- Born: 29 November 1857 Paddington, Middlesex, England
- Died: 1 February 1931 (aged 73)
- Allegiance: British Crown
- Branch: British Army
- Service years: 1877–1917
- Rank: Brigadier-General
- Unit: 9th Queen's Royal Lancers
- Commands: 9th Queen's Royal Lancers 3rd Cavalry Brigade 2/1st Welsh Border Mounted Brigade
- Conflicts: Second Boer War World War I
- Spouse: Iris Hermione Brassey
- Children: Malcolm Archibald Albert Little
- Relations: General Sir Archibald Little, KCB (father)

= Malcolm Orme Little =

British Army general (1857–1931)

Brigadier-General Malcolm Orme Little, (29 November 1857 – 1 February 1931) was a cavalry officer in the British Army and champion polo player. He commanded a cavalry brigade in the Second Boer War and a yeomanry brigade in the First World War.

==Early life==
Malcolm Orme Little was born on 29 November 1857 at Sussex Square, Hyde Park Gardens, Paddington, Middlesex, England, he was the second son of General Sir Archibald Little, and his wife Jane (née Orme).

==Career==
On 19 January 1923, Little was commissioned as a Deputy Lieutenant for the County of Warwick. Little was appointed as a Commander of the Order of the British Empire (CBE) later.

===Military career===
He obtained his first commission as an infantry second-lieutenant in the Royal North Gloucester Militia (Note: The Royal North Gloucester became 4th Battalion of the Gloucestershire Regiment on 1 July 1881 and was disbanded on 31 July 1908.) on 26 September 1877. On 11 May 1878, he obtained a regular commission as a Second Lieutenant in the 17th Lancers after graduating from the Royal Military College. He had been an Honorary Queen's Cadet. On the same date, he resigned his Militia Commission. On 19 October 1878, he transferred to the 9th Queen's Royal Lancers, his father's regiment. On the same date, the 9th Lancers departed Sialkot, India to take part in the Second Anglo-Afghan War.

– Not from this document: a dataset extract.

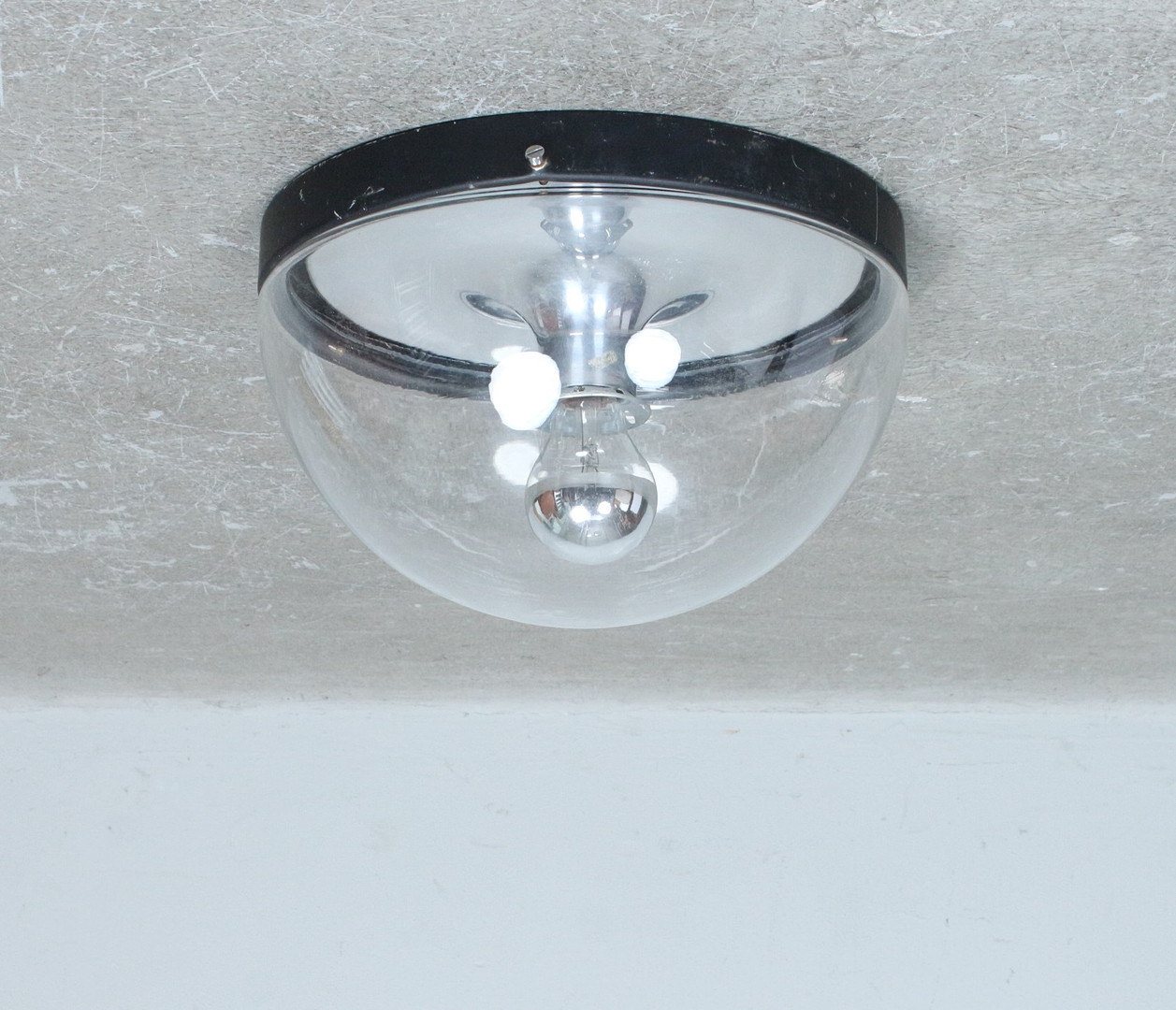 "Ufo" Glaskuppel Deckenleuchte/Wandleuchte, 1970er Jahre.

Little remained with the 9th Lancers for the rest of the century: he was promoted to lieutenant on 25 February 1880, to captain on 20 October 1886, to Major on 5 September 1894, and to lieutenant-colonel (and to command of the regiment) on 15 March 1900. By this time, the 9th Lancers were on active service in the Second Boer War. The regiment formed part of the 3rd Cavalry Brigade and took part in the battles of Modder River (28 November 1899) and Magersfontein (10-11 December 1899), Relief of Kimberley and Battle of Paardeberg. He was mentioned in despatches from Lord Methuen dated 15 February 1900 and Lord Roberts dated 31 March 1900. Little took over command of the brigade and was promoted to the local rank of brigadier-general in South Africa on 10 July 1900. (Note: 3rd Cavalry Brigade was one of just three cavalry brigades in the British Army in the Second Boer War.) He was awarded a Brevet Colonelcy on 29 November 1900 and his local rank was confirmed on 8 April 1902, (Note: At this point, he was a lieutenant-colonel, a brevet colonel and local brigadier-general.) when he took command of another brigade (possibly the Australian Brigade), which moved to Aberfeldy in the Orange River Colony. He was again mentioned in a despatch on 23 June 1902, this time by Lord Kitchener, who wrote that Little had "proved himself as a capable leader of mounted troops in the field." The war ended with the Peace of Vereeniging in late May 1902, and Little left Cape Town the following month arriving at Southampton in late July.

After four years in command of the 9th Lancers, and having served the normal period in command, Little was retired on half-pay - for the first time - on 15 March 1904. On 24 June 1904, as part of Edward VII's Birthday Honours, he was invested as a Companion of the Order of the Bath (CB). He was recalled to active service on 4 May 1905 as a Staff Officer for Imperial Yeomanry and was promoted to the substantive rank of colonel. He retired for the second time on 17 October 1908.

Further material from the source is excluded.